Give the data below again exactly as written, without its pictures.

(Beginning of Supplied material)

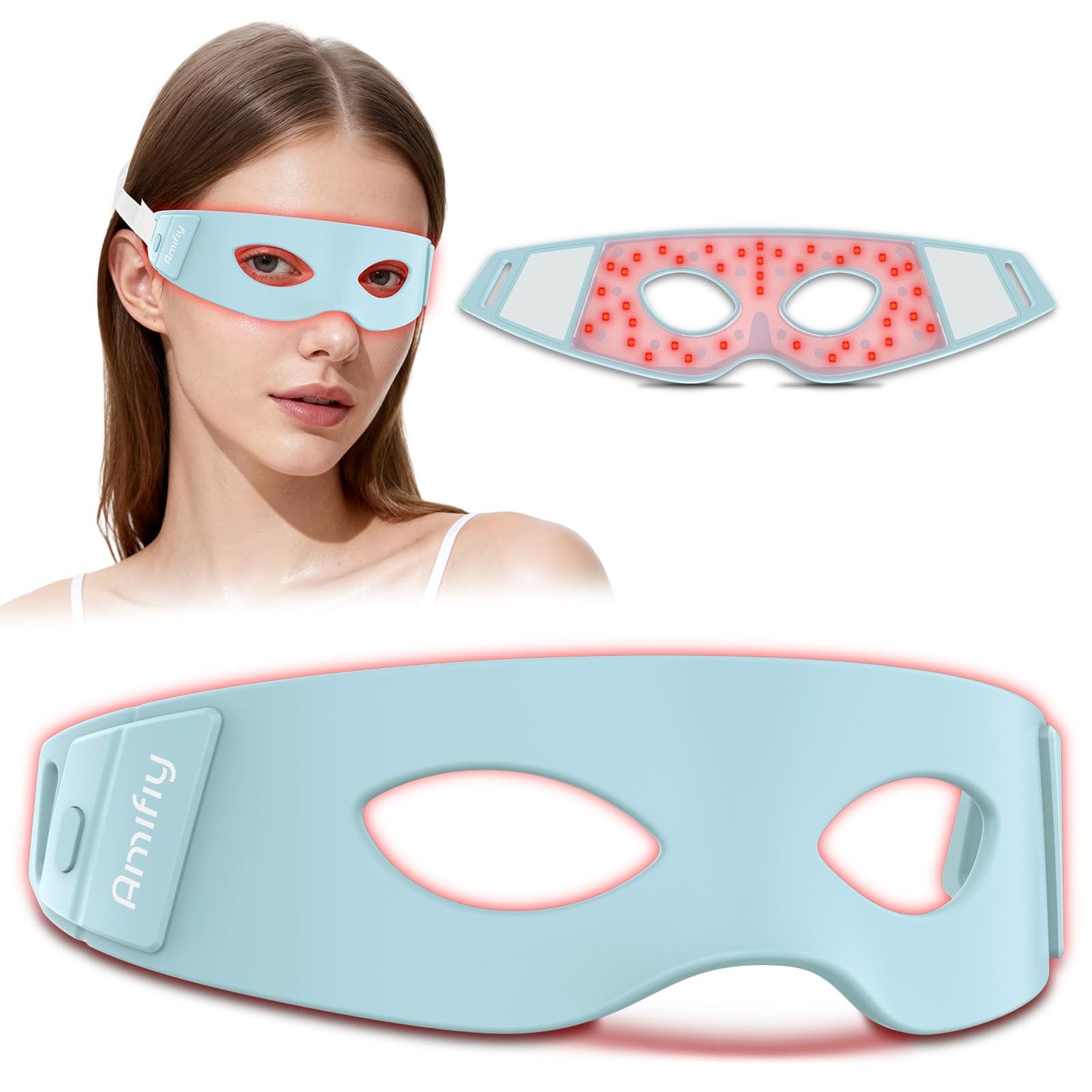 Amifiy Red Light Therapy for Eyes, 3 Minutes Red Light Eye Mask Reducing Dark Circles, Eye Bags, Puffy Eyes, Wrinkles, Infrared LED Eye Mask For Women & Men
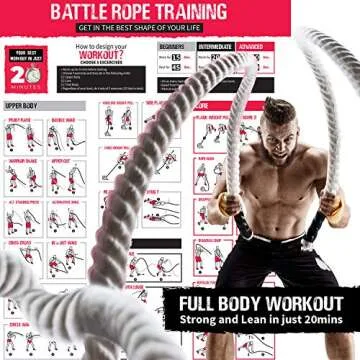 FireBreather Battle Ropes with Anchor Kit and Foldable Poster - Exercise Rope for Home Gym Fitness & Working Out - Poly Dacron Heavy Workout Ropes for Crossfit Training
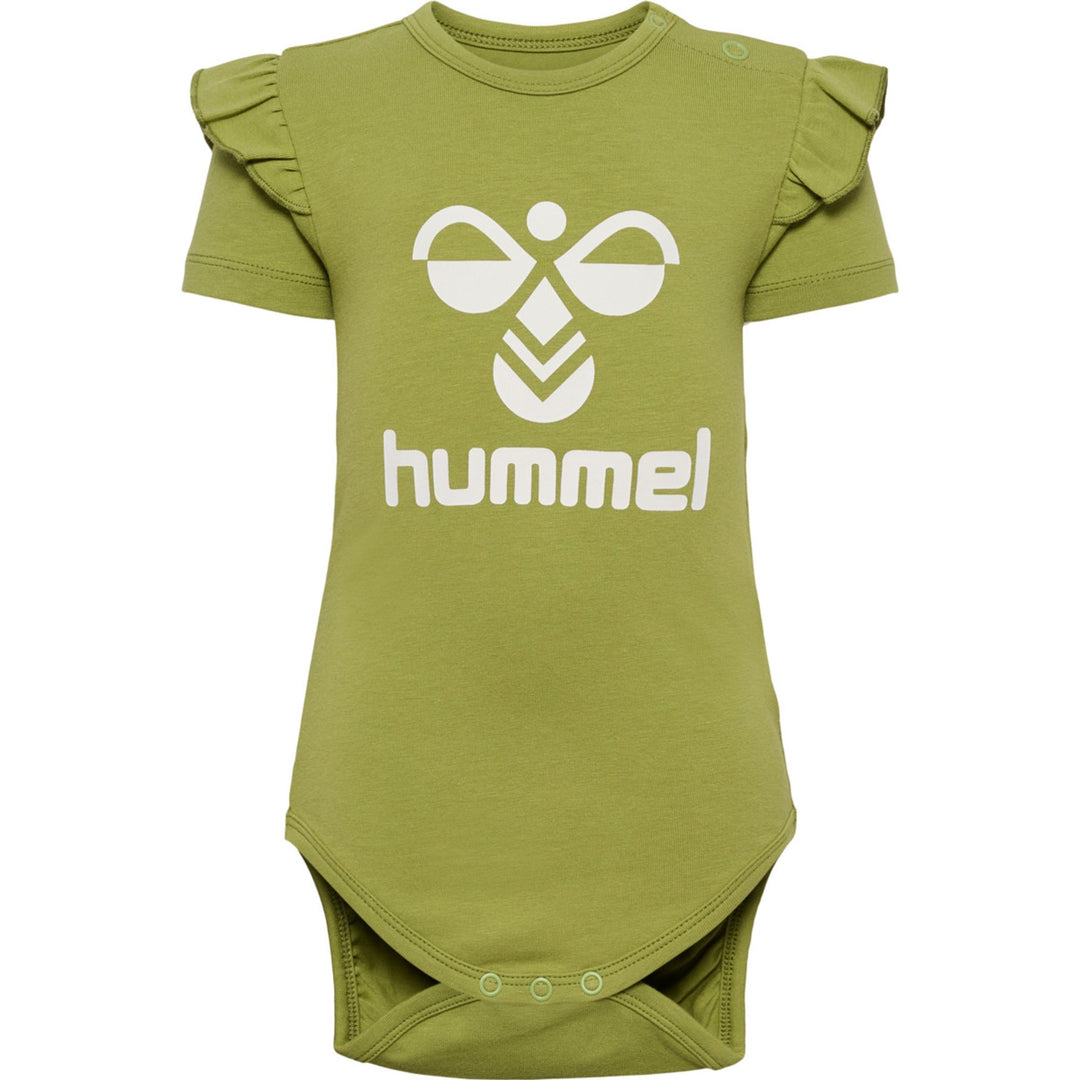 Hummel hmlDREAM RUFFLE BODY S/S - green olive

(End of Supplied material)

**Response to this exercise:**
 Amifiy Red Light Therapy for Eyes, 3 Minutes Red Light Eye Mask Reducing Dark Circles, Eye Bags, Puffy Eyes, Wrinkles, Infrared LED Eye Mask For Women & Men
 FireBreather Battle Ropes with Anchor Kit and Foldable Poster - Exercise Rope for Home Gym Fitness & Working Out - Poly Dacron Heavy Workout Ropes for Crossfit Training
 Hummel hmlDREAM RUFFLE BODY S/S - green olive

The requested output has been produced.